● **WHAT YOU SHOULD DO**: Reproduce the entire listing exactly as written, apart from its pictures.

● **SUPPLIED MATERIAL**:
________________________________________

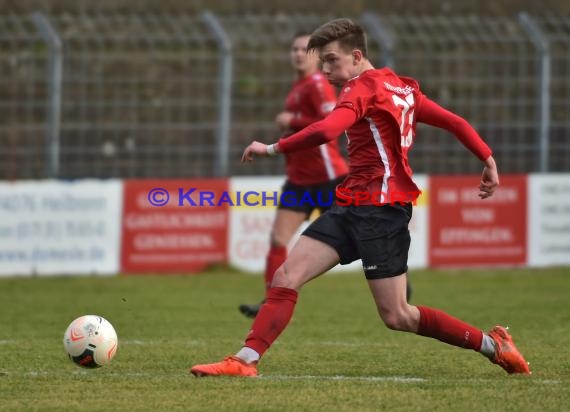 Verbandsliga Nordbaden VfB Eppingen vs FV Fortuna Heddesheim (© Siegfried Lörz)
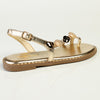 Madison Yasmin Sandal - Gold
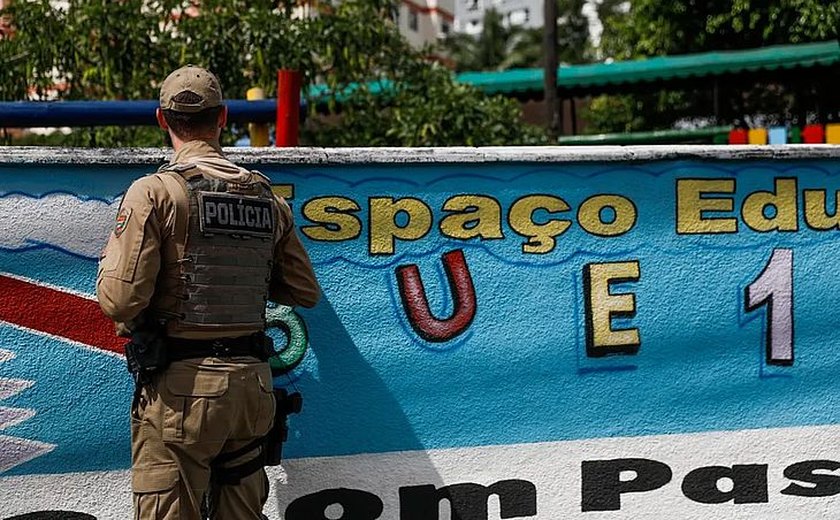 Ministério da Justiça libera R$ 150 milhões para melhorar segurança nas escolas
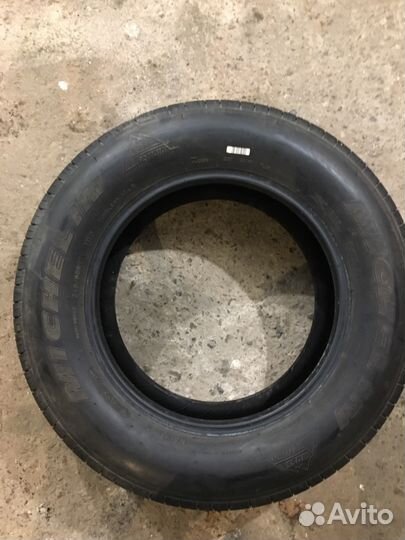 Michelin Cross Terrain SUV 245/65 R17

________________________________________

● **ANSWER TO THIS EXERCISE**:
 Verbandsliga Nordbaden VfB Eppingen vs FV Fortuna Heddesheim (© Siegfried Lörz)
 Madison Yasmin Sandal - Gold
 Ministério da Justiça libera R$ 150 milhões para melhorar segurança nas escolas
 Michelin Cross Terrain SUV 245/65 R17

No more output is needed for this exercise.